Simon’s offer raises antitrust concerns, according to the plan’s opponents, who include Bruce Berkowitz, founder of Miami- based Fairholme Capital Management LLC, General Growth’s biggest debt holder and a partner in the competing Brookfield proposal. Berkowitz said in an April 16 interview that the Simon plan “is not healthy for competition.”
David Simon today dismissed those concerns, saying his company has a “fiduciary duty” to its investment partners as well as its shareholders to see that General Growth prospers.
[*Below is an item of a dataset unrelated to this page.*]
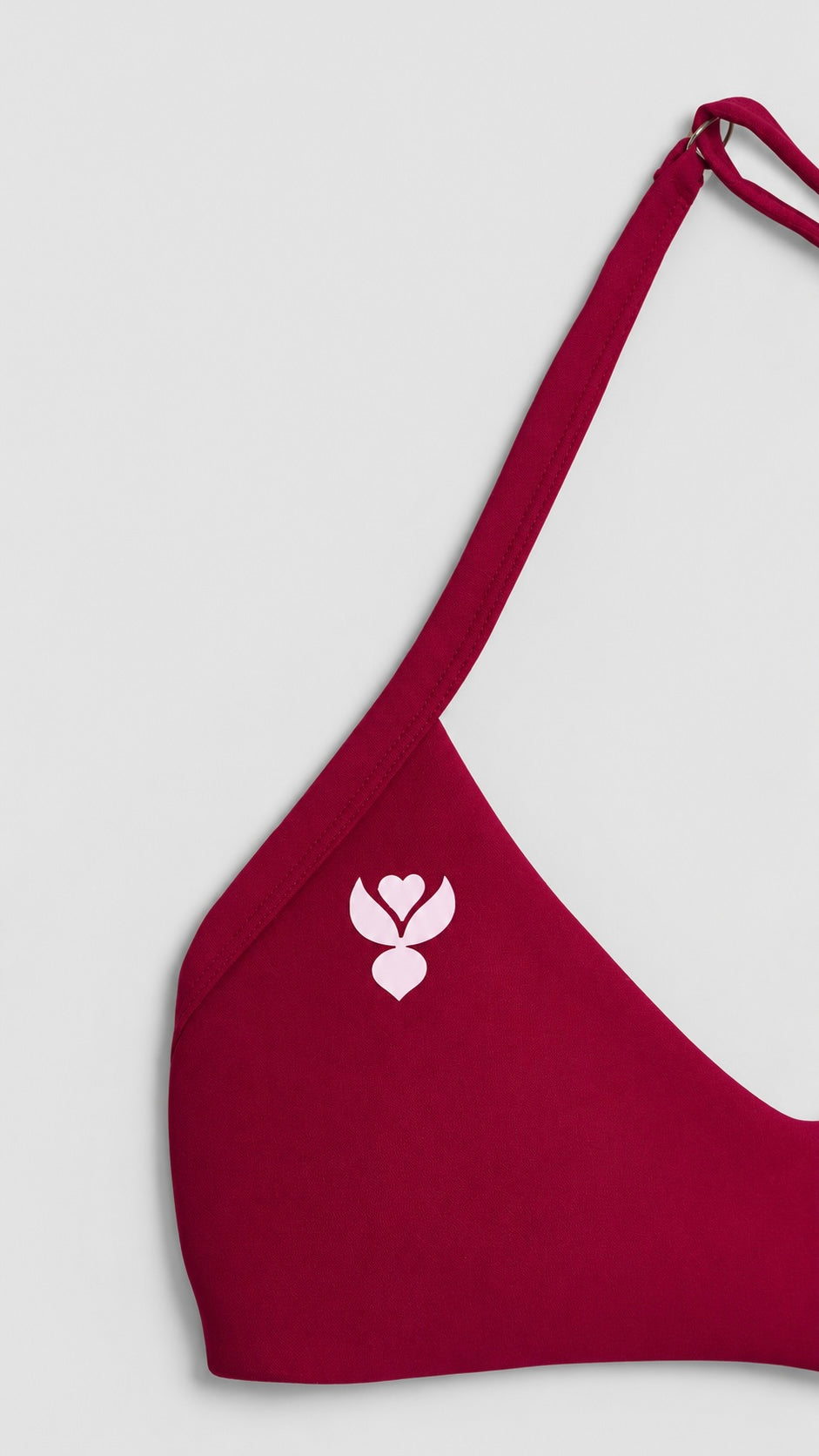 muse lift me bra ♡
“The fact is that we’re going to be a passive shareholder, and we’re going to have a reduced voting stake -- less than our economics,” Simon said. “Our directors aren’t going to be involved in anything that has any inkling to do anything with Simon. What they do operationally we’re not going to be involved in, period, end of story.”
Simon Property said last week that its selections for General Growth’s board are Dale Anne Reiss, a former senior partner at Ernst & Young LLP, and Peter D. Linneman, a professor of real estate finance and public policy at the Wharton School at the University of Pennsylvania, both of whom are unaffiliated with Simon. David Simon said the two directors would recuse themselves on any General Growth board decisions where there would be a conflict with Simon Property’s operations.
David Simon said that while he is focused on a passive investment in General Growth, his offer would allow a potential buyer for the company, whether it be Simon or another bidder, to step up, something unlikely under the Brookfield plan with the warrants it includes.
“It will dampen the competitive auction that they want to run with the court,” Simon said. “It’ll have that impact on us, and it will frankly have that impact on anybody else who’s out there. Those warrants will debilitate the auction process that the company wants to undertake, ultimately, as part of the bankruptcy procedures.”